The finished copy must match the records exactly, except that it contains no pictures.
-------- EXERCISE DATA
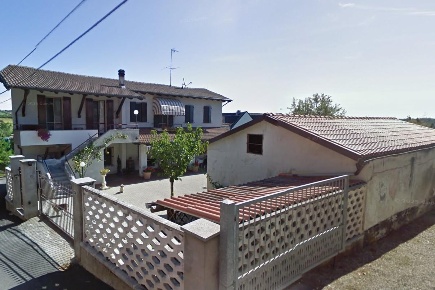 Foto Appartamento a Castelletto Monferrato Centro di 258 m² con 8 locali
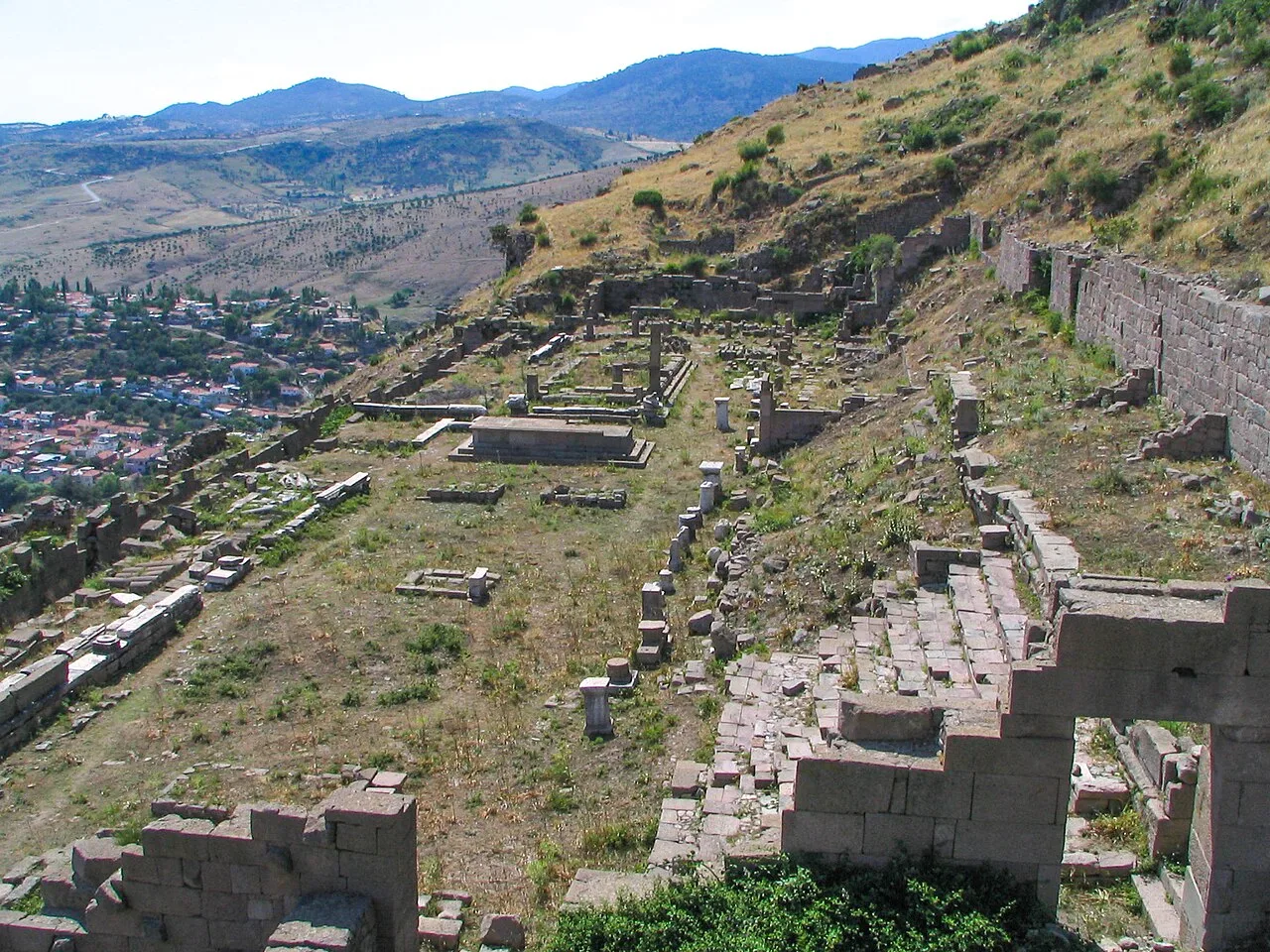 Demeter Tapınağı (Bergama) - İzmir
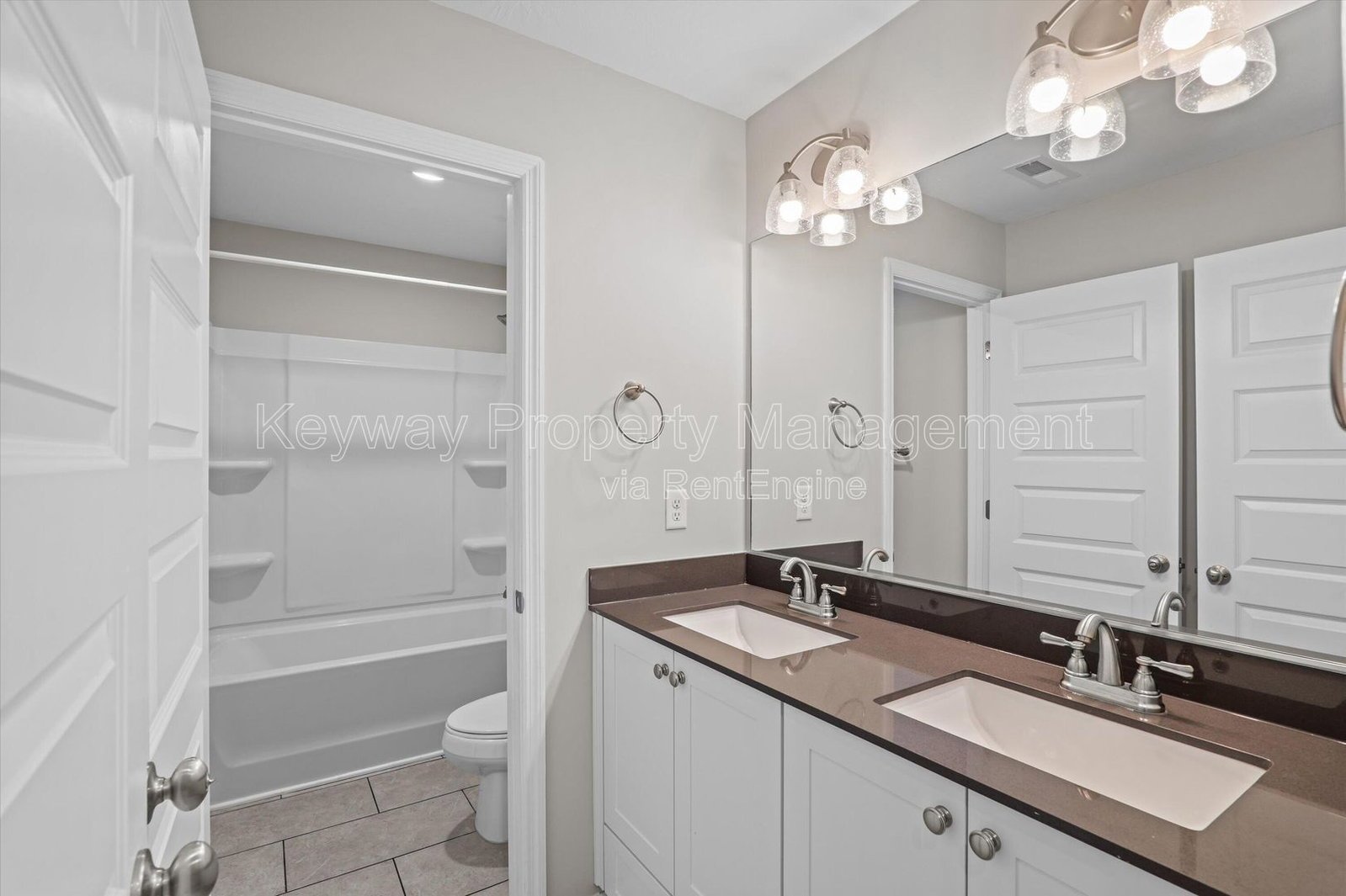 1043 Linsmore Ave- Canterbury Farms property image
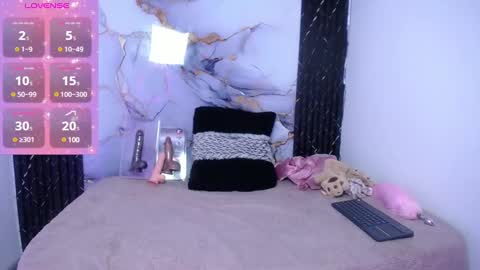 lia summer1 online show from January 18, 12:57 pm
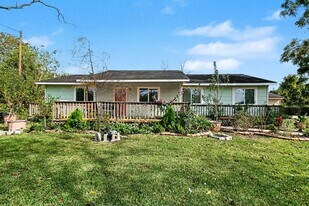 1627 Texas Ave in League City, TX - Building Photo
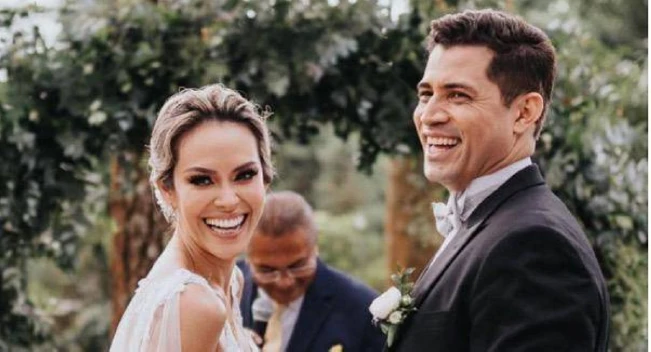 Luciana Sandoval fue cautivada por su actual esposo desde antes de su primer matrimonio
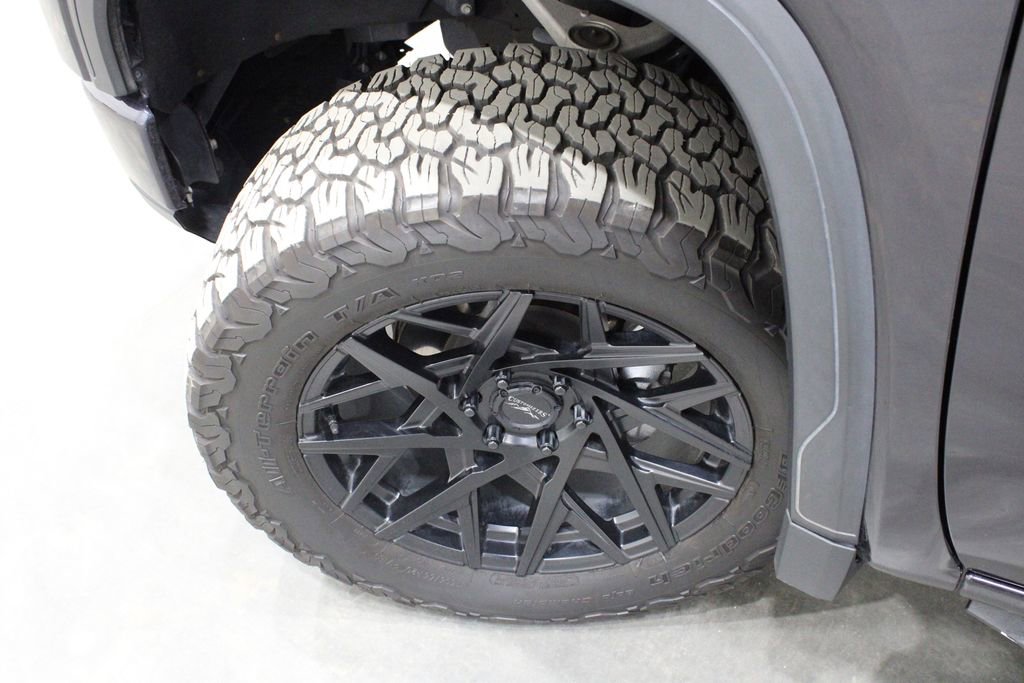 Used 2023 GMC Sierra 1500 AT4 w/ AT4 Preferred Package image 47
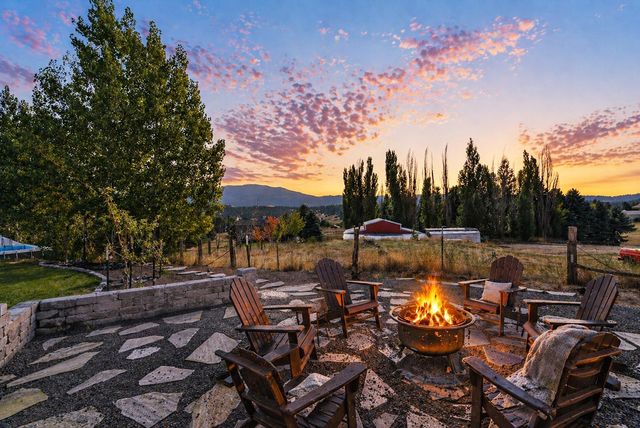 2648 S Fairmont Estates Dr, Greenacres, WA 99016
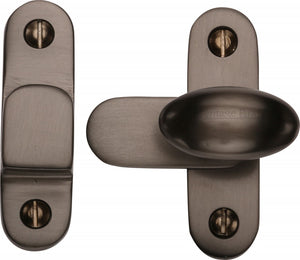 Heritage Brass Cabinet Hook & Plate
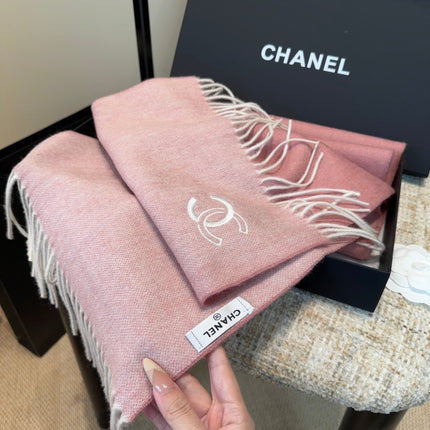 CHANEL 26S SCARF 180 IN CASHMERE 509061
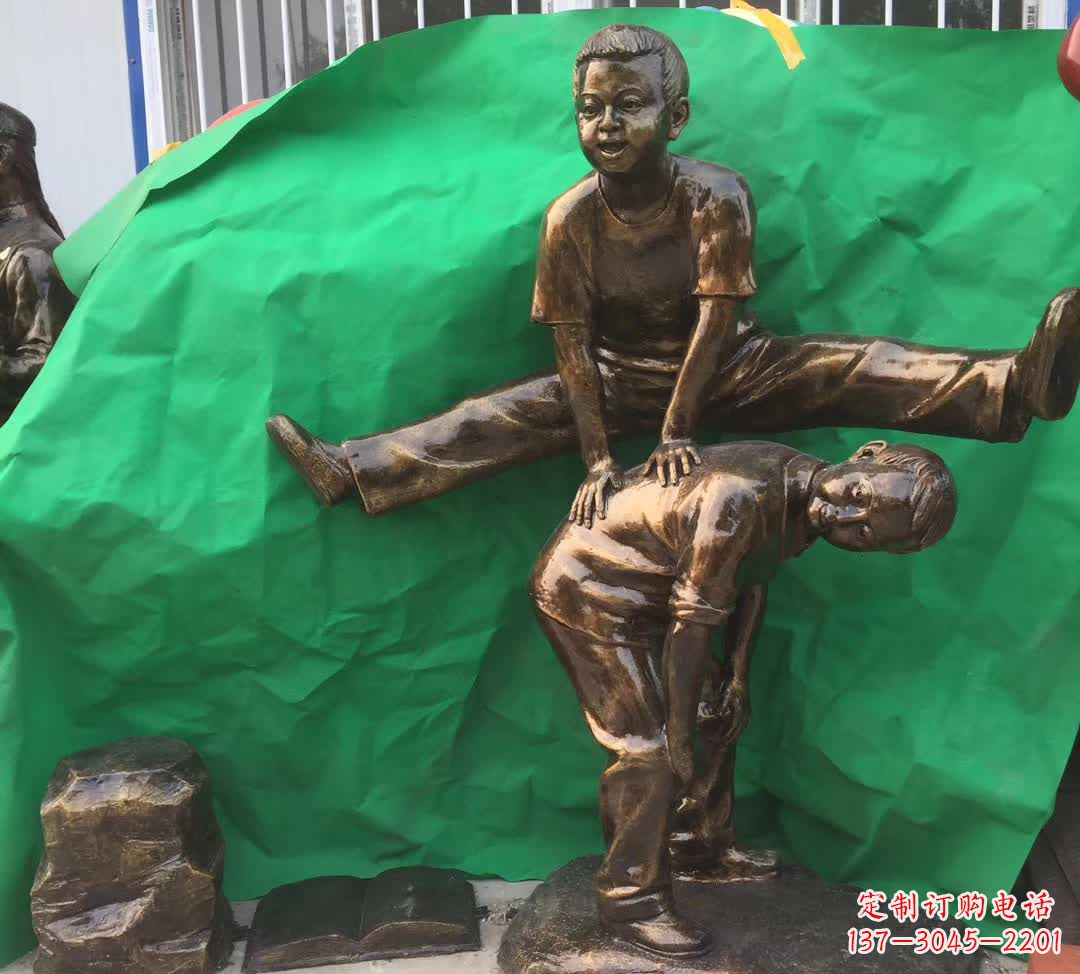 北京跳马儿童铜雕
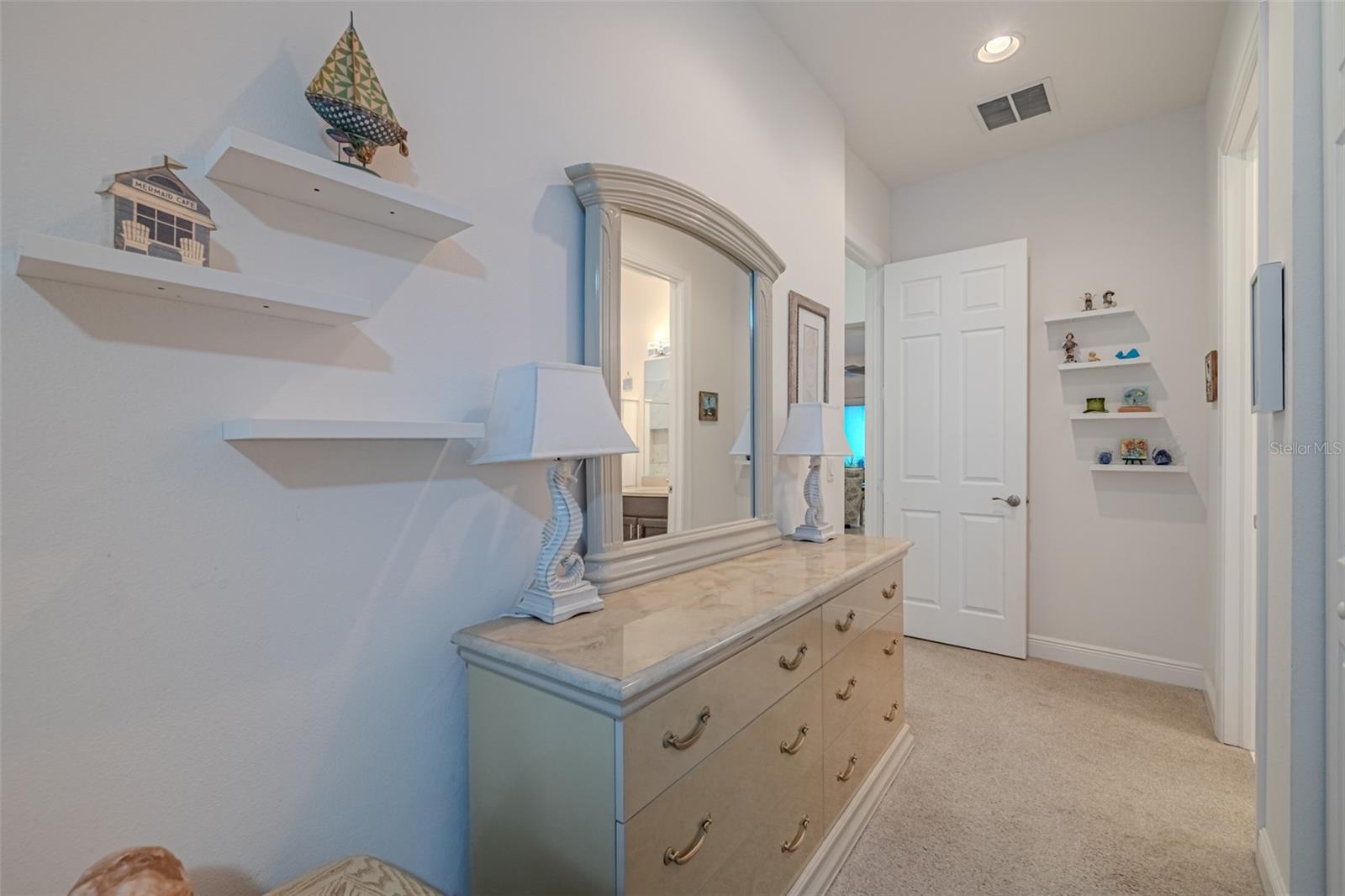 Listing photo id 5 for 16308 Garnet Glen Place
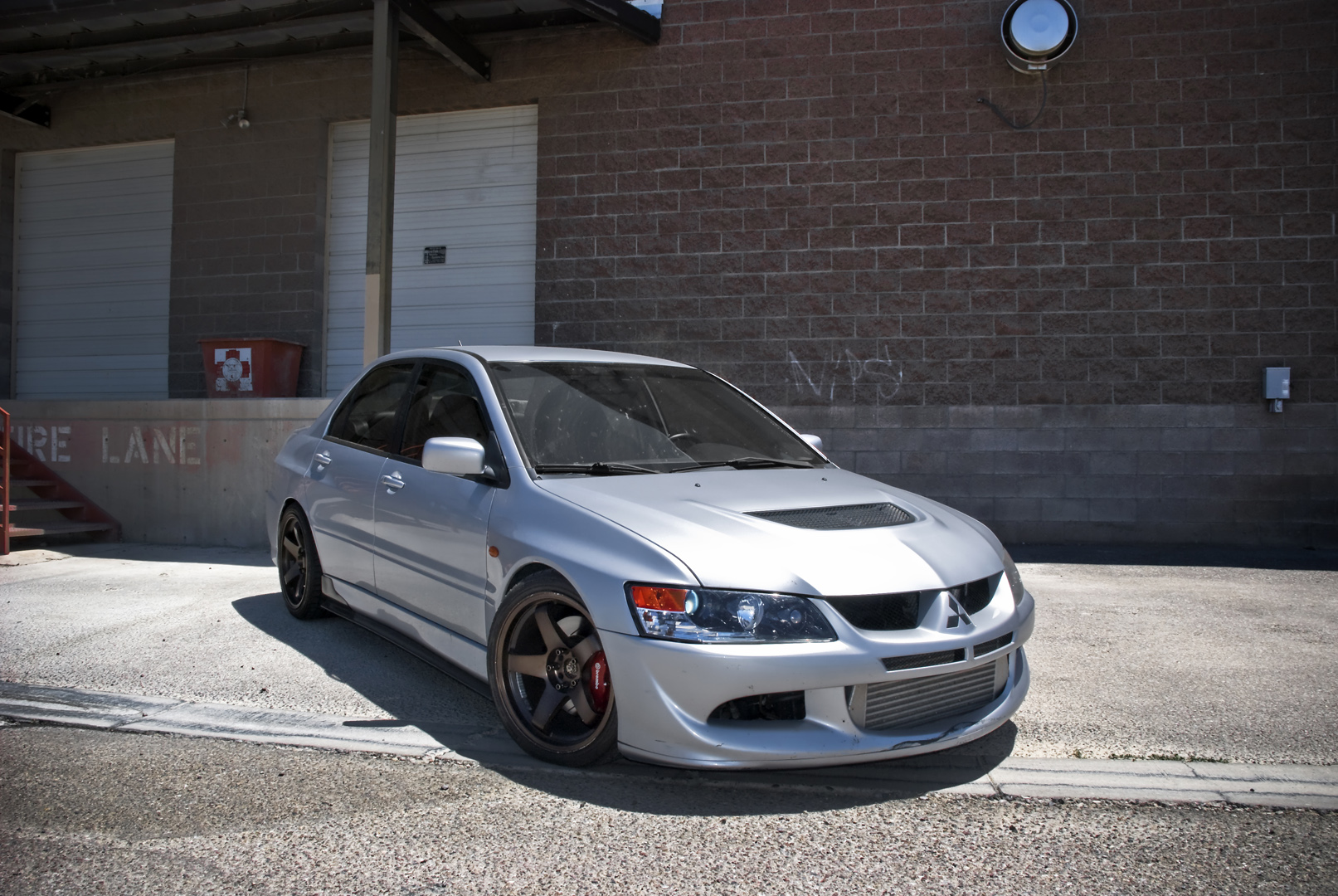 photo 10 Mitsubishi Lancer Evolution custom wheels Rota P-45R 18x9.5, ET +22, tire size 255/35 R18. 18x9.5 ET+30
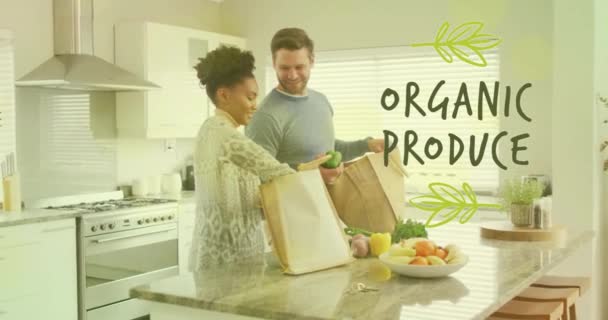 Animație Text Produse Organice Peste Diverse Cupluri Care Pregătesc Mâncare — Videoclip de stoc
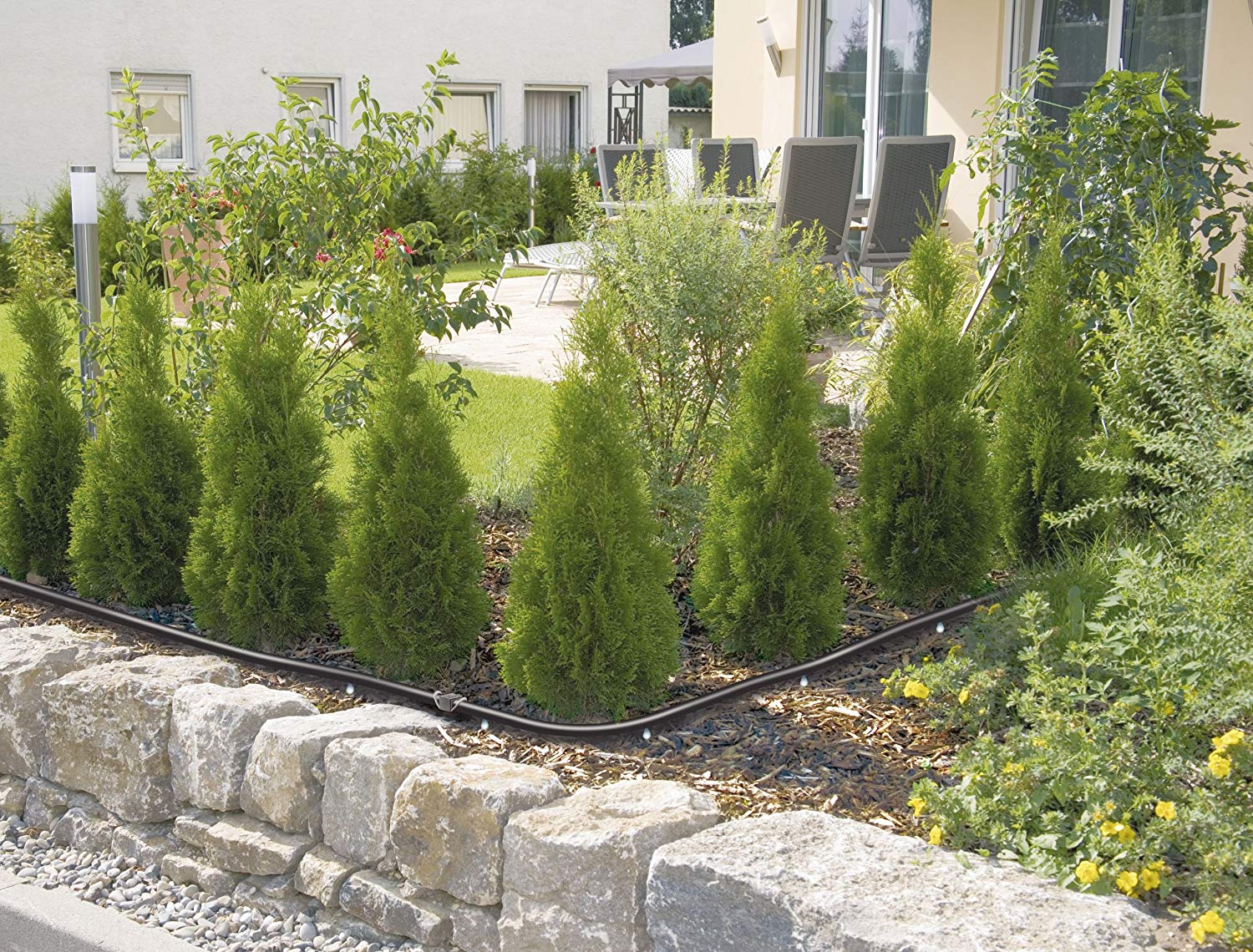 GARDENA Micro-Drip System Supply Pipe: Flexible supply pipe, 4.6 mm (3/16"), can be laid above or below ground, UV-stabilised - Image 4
----------------
= ANSWER SECTION =
 Foto Appartamento a Castelletto Monferrato Centro di 258 m² con 8 locali
 Demeter Tapınağı (Bergama) - İzmir
 1043 Linsmore Ave- Canterbury Farms property image
 lia summer1 online show from January 18, 12:57 pm
 1627 Texas Ave in League City, TX - Building Photo
 Luciana Sandoval fue cautivada por su actual esposo desde antes de su primer matrimonio
 Used 2023 GMC Sierra 1500 AT4 w/ AT4 Preferred Package image 47
 2648 S Fairmont Estates Dr, Greenacres, WA 99016
 Heritage Brass Cabinet Hook & Plate
 CHANEL 26S SCARF 180 IN CASHMERE 509061
 北京跳马儿童铜雕
 Listing photo id 5 for 16308 Garnet Glen Place
 photo 10 Mitsubishi Lancer Evolution custom wheels Rota P-45R 18x9.5, ET +22, tire size 255/35 R18. 18x9.5 ET+30
 Animație Text Produse Organice Peste Diverse Cupluri Care Pregătesc Mâncare — Videoclip de stoc
 GARDENA Micro-Drip System Supply Pipe: Flexible supply pipe, 4.6 mm (3/16"), can be laid above or below ground, UV-stabilised - Image 4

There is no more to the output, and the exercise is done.